Some quick thoughts (apologies for the bullet format, this is all I have time for now):

  • The Defense Department must be balanced by another vertically integrated heavy weight otherwise it will continue to be, by default, the coordinating entity for America’s global engagement.
  • The State Department, to be relevant and to offset Defense, must become a vertically integrated Department of State and Non-State. It makes no sense to de-emphasize or dis-empower State’s “R” Bureau (Public Diplomacy) when modern diplomacy is not compartmentalized (detente and closed door diplomacy is over).

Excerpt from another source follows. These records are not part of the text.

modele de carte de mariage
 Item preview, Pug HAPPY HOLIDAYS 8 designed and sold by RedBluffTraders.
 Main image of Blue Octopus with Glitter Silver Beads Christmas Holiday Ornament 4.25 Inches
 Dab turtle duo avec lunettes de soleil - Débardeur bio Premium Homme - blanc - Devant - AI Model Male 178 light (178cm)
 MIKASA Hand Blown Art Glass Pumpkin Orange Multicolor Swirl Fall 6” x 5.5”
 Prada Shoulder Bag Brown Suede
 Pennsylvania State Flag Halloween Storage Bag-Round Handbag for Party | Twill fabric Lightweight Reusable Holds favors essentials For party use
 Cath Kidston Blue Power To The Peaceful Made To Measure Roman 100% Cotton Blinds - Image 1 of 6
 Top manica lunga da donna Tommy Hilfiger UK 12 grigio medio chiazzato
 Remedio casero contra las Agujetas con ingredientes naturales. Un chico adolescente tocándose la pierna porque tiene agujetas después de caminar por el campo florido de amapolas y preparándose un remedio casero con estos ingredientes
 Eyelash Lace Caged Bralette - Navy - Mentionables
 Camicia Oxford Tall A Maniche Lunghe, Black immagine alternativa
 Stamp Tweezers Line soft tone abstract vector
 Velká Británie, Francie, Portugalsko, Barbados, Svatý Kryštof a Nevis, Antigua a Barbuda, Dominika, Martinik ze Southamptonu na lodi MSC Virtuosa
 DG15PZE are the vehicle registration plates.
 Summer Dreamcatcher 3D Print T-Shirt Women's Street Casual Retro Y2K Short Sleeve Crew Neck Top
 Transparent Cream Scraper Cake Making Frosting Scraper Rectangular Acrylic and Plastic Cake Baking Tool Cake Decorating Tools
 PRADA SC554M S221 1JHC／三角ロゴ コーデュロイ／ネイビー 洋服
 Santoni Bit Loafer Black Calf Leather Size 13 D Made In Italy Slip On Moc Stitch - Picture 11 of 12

From an organizational standpoint, eliminating or marginalizing State’s ability to directly engage global publics from individuals to leaders requires doing the same for Defense, which won’t happen nor it is practicable to even consider.
  • The State Department must adopt the concept of “commander’s intent” and drop zero-tolerance for information errors.  Rigidity in the informational hierarchy inhibits agility to the point of paralysis. 
  • Everybody at the State Department must be educated, encourage, empowered, and equipped to engage in the modern global “now media” information environment. If Defense can push in this direction, why not State?
  • Understanding and engaging the “Human Terrain” was and must again become a function of civilian-based public diplomacy. Empowering grassroots engagement, as USIA did in the 1950’s, 1960’s, and 70’s gives the HUMINT the Intelligence and Defense and Policy Communities so desperately crave. It was the responsibility of USIA to identify and engage current and future foreign public opinion leaders and to know the “street.” To de-militarize our national security, to move it more into open source, requires a full spectrum engagement that is not unlike something we’ve done before.
  • The United States requires a central coordinating hub to monitor and facilitate global informational and exchange activities. This is a core mission of the State Department and it should be prioritized and funded appropriately by both the State Department itself and Congress.
  • The State Department has existing roles and relations that extend beyond the ‘traditional’ national security threats and into issues of the economy, health, poverty, etc that when upside down are breeding grounds for extremism but more importantly are the current and future ‘battlegrounds’ of which we remain mostly unarmed and unaware. Defense is necessarily and appropriately focused on kinetic threats. It is State that take the broader view.
  • The real impact of too few people at the State Department is not the field activities, but the failure to allow Foreign Service Officers to return to academic and think-tank environments to reflect on and share lessons learned and socialize best practices. The Defense Department has the capacity to rotate substantial numbers of its people through training, whether at Defense institutions like the Army War College, National Defense University, Marine Corps U, Air Force U, Leavenworth, Navy War, or the public university system. This means that people with field experience can come back, teach, write, discuss, and create best practices. There is no such luxury at State to the significant detriment of its ability to detect and adapt to changes in the global environment.
  • We must stop imagining a bifurcated world of a US and a separate non-US information environment. If we understand the global information environment and the importance of the truth and smart foreign policies that would, in the absence of adversarial misinformation and disinformation, be successful in the struggle for minds and wills, then we can understand the importance of speaking to foreign audiences, being transparent in our global engagement, informing Americans, and proactively engaging in the global information environment.
  • The State Department must align its regional bureaus with the Defense Department’s Combatant Commands and elevate the leadership of those bureaus to be co-equal with the Combatant Commanders. The Under Secretary for Political Affairs (no offence to the current office holder) should be eliminated and the Assistant Secretaries leading the regional bureaus should be promoted to Under Secretary. The equivalent to a four-star general, the Under Secretary would, at the very least, appear on the Hill whenever a Combatant Commander does and would create some parity in cooperation. If the Secretary of Defense can have COCOMs report directly to him, why can’t the Secretary of State have the Bureaus report directly to her? By changing the leadership and matching the geographic coverage of COCOMs and Bureaus, State and Defense will increase cooperation. Ambassadors would lose some independence as the Bureaus become more powerful as State shifts to a regional view from a country-level view. (About the Ambassadors, for brevity, I’ll just say here that everyone is the President’s representative.)

See also:

One thought on “Still Wanted (?): An Under Secretary for Public Diplomacy (Updated)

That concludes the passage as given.